Structural reform is the new gadget intended to shape a more friendly policy stance. For all the need to enhance competitiveness and axe market rigidities all year round, this rather loose objective merely stands as a good excuse for refraining from fixing precise targets. Sure enough, recommendations will be tabled for more flexible labour market arrangements, further liberalisation and other good intentioned goals, few governments will be able or willing to fully implement. Daily wrestling with budget imbalances will be shelved and a more placid rest in limbo surroundings will take over.
Does such a radical switch stem from a sincere sense of guilt at the appalling performance the current discipline has delivered? There are good reasons to doubt repentance being the driving force in this policy U-turn. The prospect France, not to mention Italy or Spain, will flatly fail to meet their targets stands as a more plausible explanation. The current recession is derailing plans to enact budget stability as the Euro cornerstone, as targets only make sense when they can be possibly reached. Otherwise, they have the potential to severely undermine confidence, plunging once again vulnerable economies into utter disarray.
No one seems to care about the mounting growth gap likely to transform Europe into a lame duck in terms of economic performance. Don’t count on a few reforms for addressing the deeply entrenched crisis. So long as enterprises and citizens undertake a vast balance adjustment nothing will prevent the current protraction. But adding a vicious circle of depressed demand conditions only contributes to make thing worse.

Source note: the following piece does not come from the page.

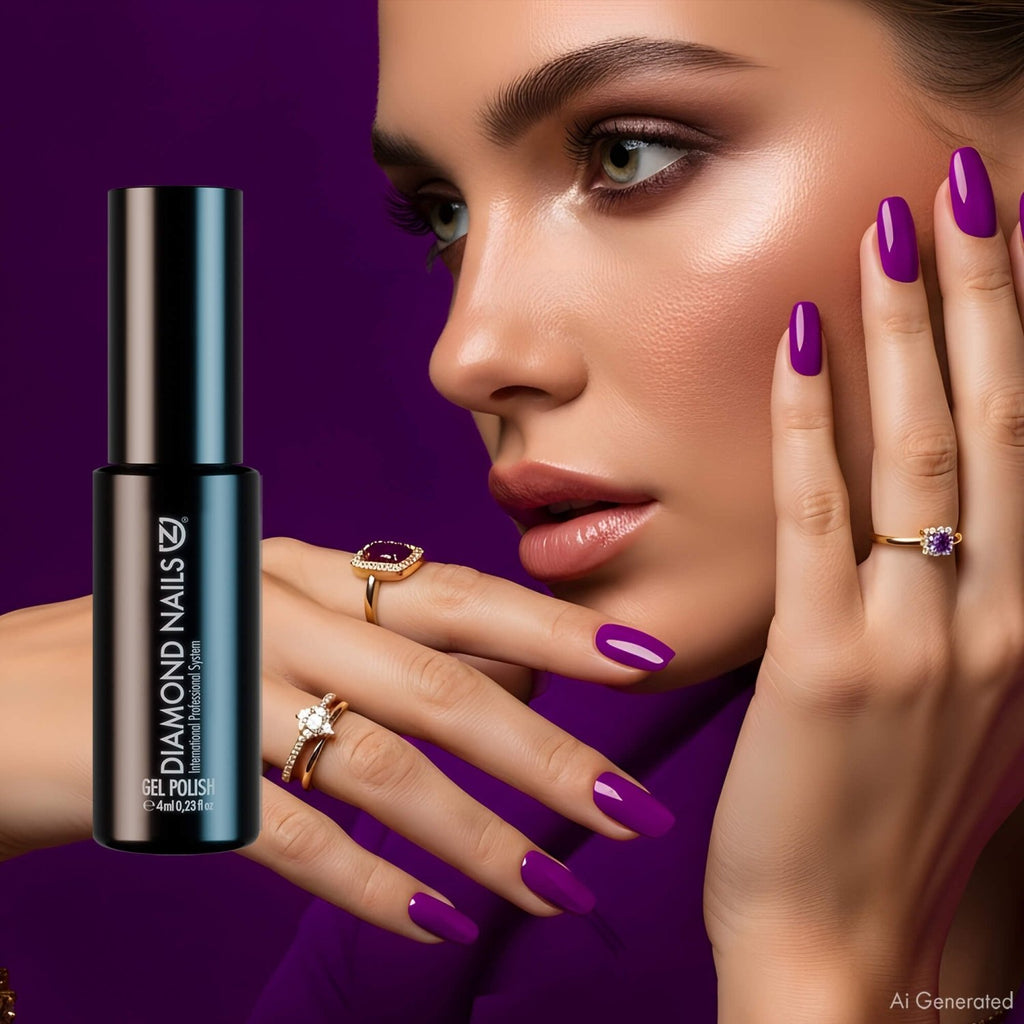 Gel Polish – Neon Purple – DN154 – 4ml – HEMA Free - Mio NEGOZIO 🌹💐Diamond NailsDiamond Nails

The Euro asymmetry is to blame for enforcing fiscal neutrality while tying up the monetary policy to inflation curbing regardless of the economic outlook. The ECB attempts to explore new territories have not gone far away. Unless such blatant shortcomings in global demand management are swiftly redressed we will lack stamina to escape from a zero-growth scenario. Forcing governments to preserve balanced budgets and preventing the central bank from tackling recession in a resolute way, will lead Europe into sheer irrelevance even if it travels for the time being on a first-class ticket.